To say I barely recognized myself was.. how could I put it?  It was true, but I could also remember myself months ago, when I’d look at my reflection and I would be so focused on the flaws and the things I didn’t like about myself that I never felt familiar with the person I was seeing in the mirror.

I felt especially justified in pulling out that Undertale screenshot in the previous post because, like Undertale had a previous mirror near the beginning of the game that said “It’s you!”, Worm also had a mirror scene in the beginning, all the way back in 1.1. I think there’s a sort of connection between then and now, just like with the mirrors in Undertale.

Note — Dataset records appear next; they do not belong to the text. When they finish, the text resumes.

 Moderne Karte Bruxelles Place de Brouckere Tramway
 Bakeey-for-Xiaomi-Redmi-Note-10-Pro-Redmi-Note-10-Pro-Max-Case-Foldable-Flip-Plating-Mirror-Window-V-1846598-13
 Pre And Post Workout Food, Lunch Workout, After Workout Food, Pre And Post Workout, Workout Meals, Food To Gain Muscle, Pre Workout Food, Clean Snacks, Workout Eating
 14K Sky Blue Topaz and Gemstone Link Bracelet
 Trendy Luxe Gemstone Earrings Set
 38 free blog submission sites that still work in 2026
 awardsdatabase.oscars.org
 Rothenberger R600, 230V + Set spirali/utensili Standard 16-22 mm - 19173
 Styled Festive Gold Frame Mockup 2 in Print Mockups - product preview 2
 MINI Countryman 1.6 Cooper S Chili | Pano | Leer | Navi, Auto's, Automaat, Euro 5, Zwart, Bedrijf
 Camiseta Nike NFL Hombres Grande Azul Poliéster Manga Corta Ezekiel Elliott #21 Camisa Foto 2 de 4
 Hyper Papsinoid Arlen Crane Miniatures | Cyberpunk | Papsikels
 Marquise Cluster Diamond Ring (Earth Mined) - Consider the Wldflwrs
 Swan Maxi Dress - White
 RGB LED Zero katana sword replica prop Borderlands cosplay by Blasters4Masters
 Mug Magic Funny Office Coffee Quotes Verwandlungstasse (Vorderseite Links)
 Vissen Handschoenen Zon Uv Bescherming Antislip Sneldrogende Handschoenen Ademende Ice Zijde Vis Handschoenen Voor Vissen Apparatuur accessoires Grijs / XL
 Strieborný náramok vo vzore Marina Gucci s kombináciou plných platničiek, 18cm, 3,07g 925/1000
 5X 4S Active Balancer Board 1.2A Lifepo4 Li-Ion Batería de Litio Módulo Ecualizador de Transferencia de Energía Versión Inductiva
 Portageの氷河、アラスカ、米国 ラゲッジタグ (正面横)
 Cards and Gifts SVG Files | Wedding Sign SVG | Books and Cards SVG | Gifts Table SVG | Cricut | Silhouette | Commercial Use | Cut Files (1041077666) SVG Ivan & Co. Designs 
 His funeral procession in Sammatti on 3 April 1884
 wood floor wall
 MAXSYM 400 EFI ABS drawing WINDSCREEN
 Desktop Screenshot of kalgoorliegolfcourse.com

However, maybe the other possible text for the later mirror is more appropriate here: “It’s me.” In which “me” is not the same as “you”. Without going too much into spoilers, this signifies that the protagonist doesn’t recognize themself in the mirror anymore, because their actions over the course of the game have changed them so thoroughly that the flavor text claims that it’s the narrator in the mirror.

In this way, mirrors can be damn effective literary tools for allowing a character to get introspective about the ways they’ve changed over the course of the story.

All that said… it actually sounds like Taylor approves more of what she’s seeing now than what she saw before.

It was as though it was always a stranger I was looking at, and I would be left vaguely surprised at the combination of features across from me.

Or at least not much less. She’s just…

She didn’t get the “It’s you.” on the first mirror.